> [DIRECTIONS]: Keeping every word the same, give again only the lines from the one with "this 522×783 image." through the end of the data, both included, and leave every picture out.

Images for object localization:
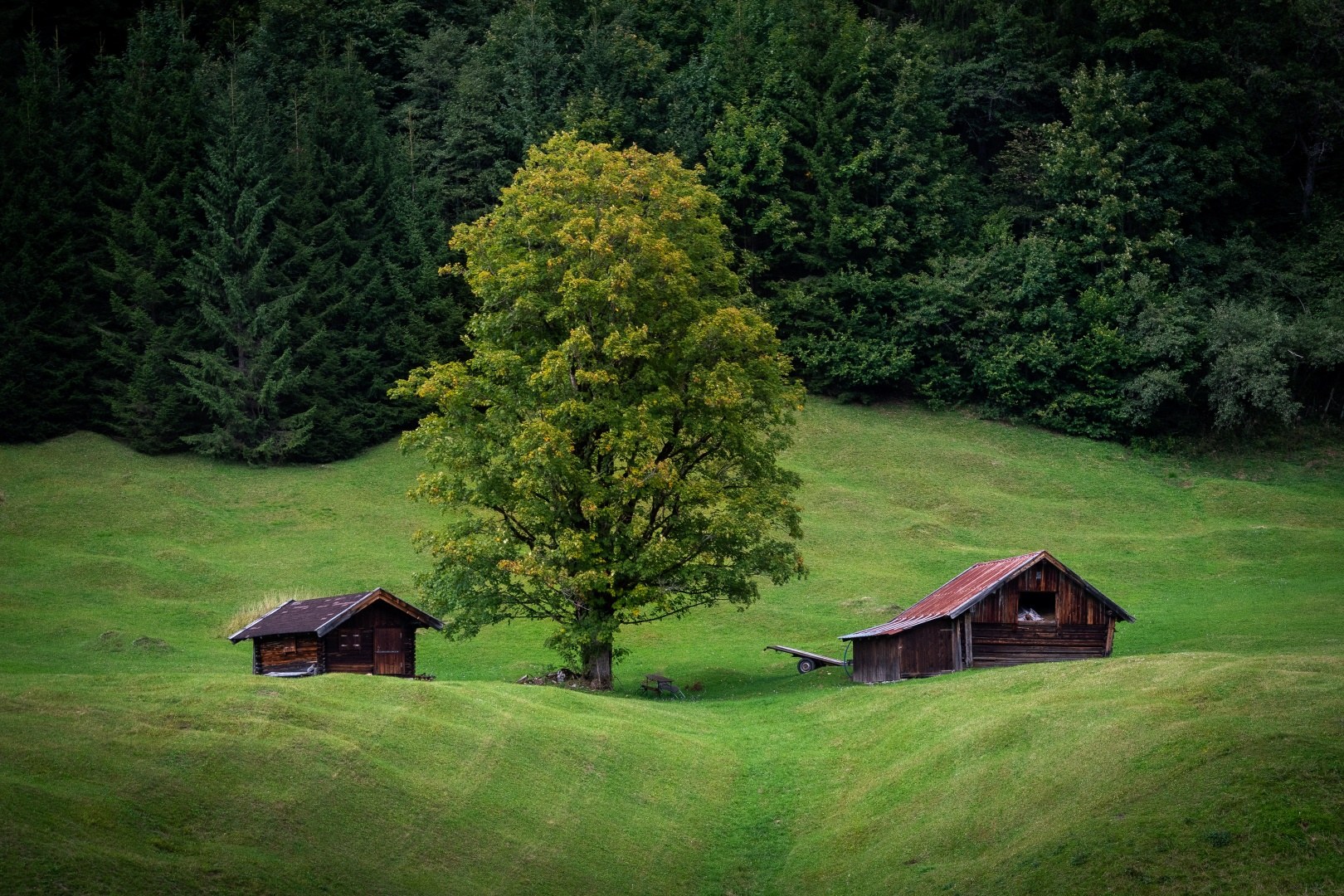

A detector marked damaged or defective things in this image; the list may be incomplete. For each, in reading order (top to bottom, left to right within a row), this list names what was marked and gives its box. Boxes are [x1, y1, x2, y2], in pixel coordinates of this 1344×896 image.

rusty metal roof [228, 588, 443, 645]
rusty metal roof [838, 550, 1134, 641]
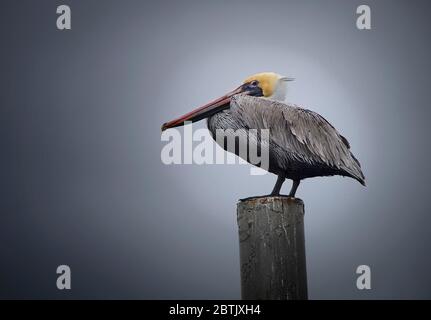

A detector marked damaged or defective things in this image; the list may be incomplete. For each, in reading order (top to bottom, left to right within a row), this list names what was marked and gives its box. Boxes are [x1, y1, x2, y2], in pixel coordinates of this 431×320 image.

rusty stain on post [238, 196, 308, 298]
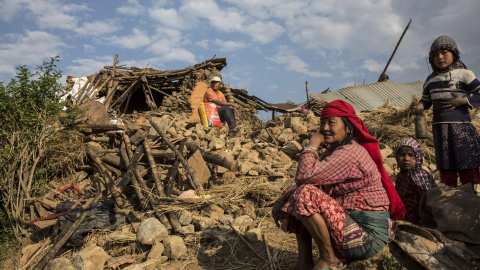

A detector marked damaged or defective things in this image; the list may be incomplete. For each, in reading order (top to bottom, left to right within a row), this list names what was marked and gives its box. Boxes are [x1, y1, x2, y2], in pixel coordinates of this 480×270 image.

rusty metal roofing [308, 79, 424, 112]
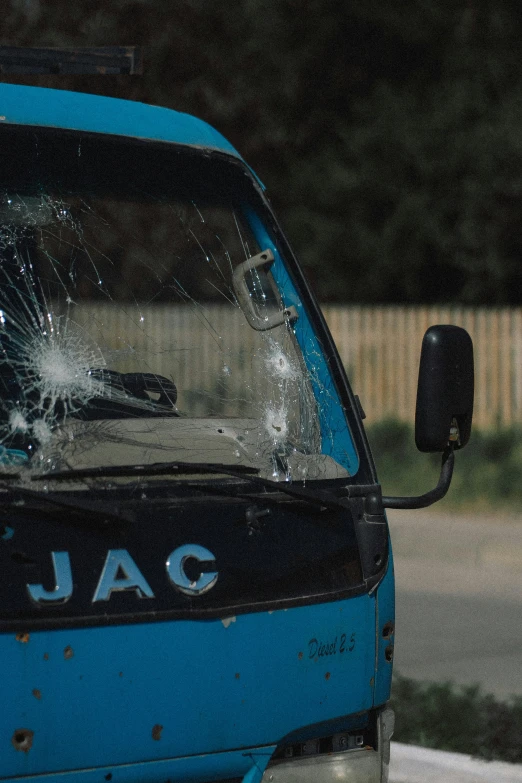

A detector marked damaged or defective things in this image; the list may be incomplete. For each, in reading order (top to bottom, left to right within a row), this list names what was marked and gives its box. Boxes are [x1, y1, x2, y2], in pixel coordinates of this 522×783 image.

shattered windshield [0, 127, 356, 484]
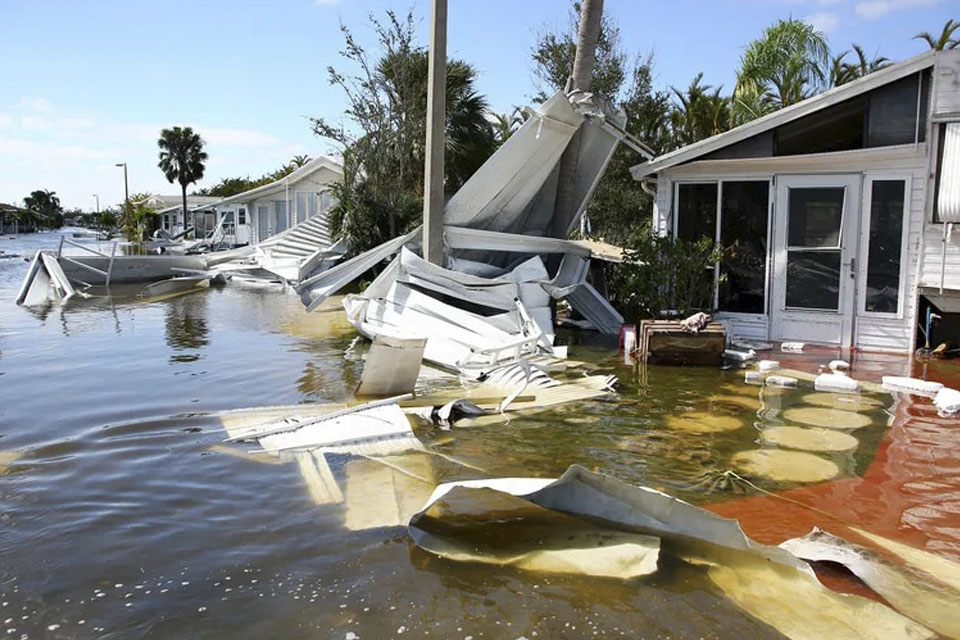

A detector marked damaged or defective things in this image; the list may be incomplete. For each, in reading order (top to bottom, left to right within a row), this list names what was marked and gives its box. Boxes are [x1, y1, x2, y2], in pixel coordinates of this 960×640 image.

damaged house [632, 50, 960, 356]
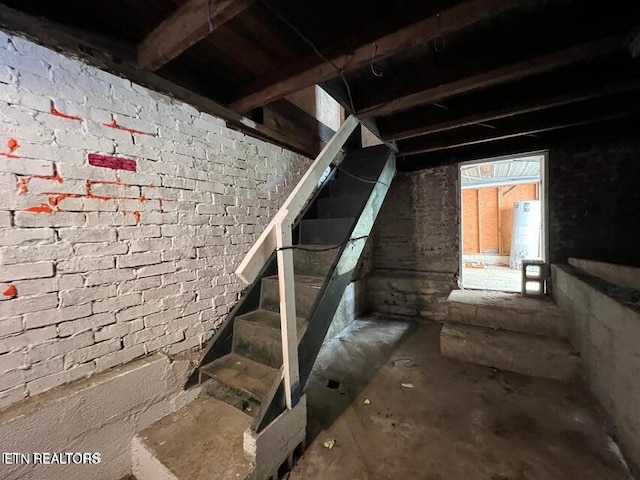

> [RESPONSE AREA]:
A detector marked damaged or defective things in this image; the list may be incomplete. For each, in reading order (top to bottom, left to right within a row), this list names what was marked and gives its box. Boxes are [x1, y1, x2, y2], in pixel coordinates of this 522×783 image.

shattered windshield [0, 127, 356, 484]

A detector marked damaged or defective things in this image; the list may be incomplete. For each, in reading order (top to bottom, left to right within a row), this list names what was marked and gives its box. Boxes are [x1, y1, x2, y2], in pixel coordinates of this 960×640 image.

damaged house [632, 50, 960, 356]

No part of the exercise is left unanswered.